Und nicht nur Züchtungsverbote, sondern auch das Verbot der Haltung solcher Tiere würde helfen. Auch ein Werbe- und Filmverbot wünschen sich Tierschützer. Denn nicht zuletzt durch die Weiterverbreitung von Hunde- und Katzenvideos, auf denen vermeintlich "süße" Haustiere zu erleben sind, werden bestimmte Züchtungen populär. "Petfluencer", die sich mit ihren Tieren in sozialen Medien präsentieren, machen Lust auf ein eigenes Haustier. Niedlichkeit sorgt für hohe Klickzahlen. Kurznasige oder besonders kleine Hunde sind beliebt. Ganz große Doggen werden auch gern als Statussymbole gekauft. Auch bestimmte Fellfärbungen, die nur durch genetische Veränderungen zu erreichen sind, können für Krankheiten sorgen. Bei Katzen fallen Züchtungen mit Klappohren auf, auch Nacktkatzen sind im Trend. Es sind nicht nur Mops und Bulldogge, die als Defektzuchten auffallen, sondern auch Perserkatzen oder schottische Faltohrkatzen.

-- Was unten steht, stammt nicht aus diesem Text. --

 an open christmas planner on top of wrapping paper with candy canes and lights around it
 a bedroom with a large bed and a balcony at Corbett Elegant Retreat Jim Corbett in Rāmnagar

Aber Qualzucht macht nicht Halt bei Hund und Katze. Auch schuppenlose Schlangen und Echsen oder Goldfische ohne Rückenflosse leben in Terrarien und Aquarien. Und auch in der Landwirtschaft sorgt der Mensch für angezüchtetes Tierleid. Milchkühe mit sehr hoher Milchleistung haben übergroße Euter, die beim Liegen und Laufen stören. Sie leiden unter Leberverfettung oder Stoffwechselstörungen. Legehennen, die bis zu 300 Eier im Jahr legen, erkranken an Osteoporose und Fettleber.
Die Adressaten der aktuellen Kampagne sind vor allem diejenigen, die sich ein Tier anschaffen wollen. Aber es ist nicht so einfach, Tiere mit Merkmalen von Qualzucht zu erkennen. Der Ratschlag der Initiatoren: Nur verantwortungsvolle Züchter aussuchen und nicht aus Mitleid am Straßenrand oder im Ausland ein Tier kaufen. Noch besser sei es, mal im Tierheim zu fragen. Das Wichtigste sei, hinzuschauen und sich zu informieren. Im Zweifel muss es eben heißen: Ein Leben ohne Mops ist durchaus möglich. Und sinnvoll.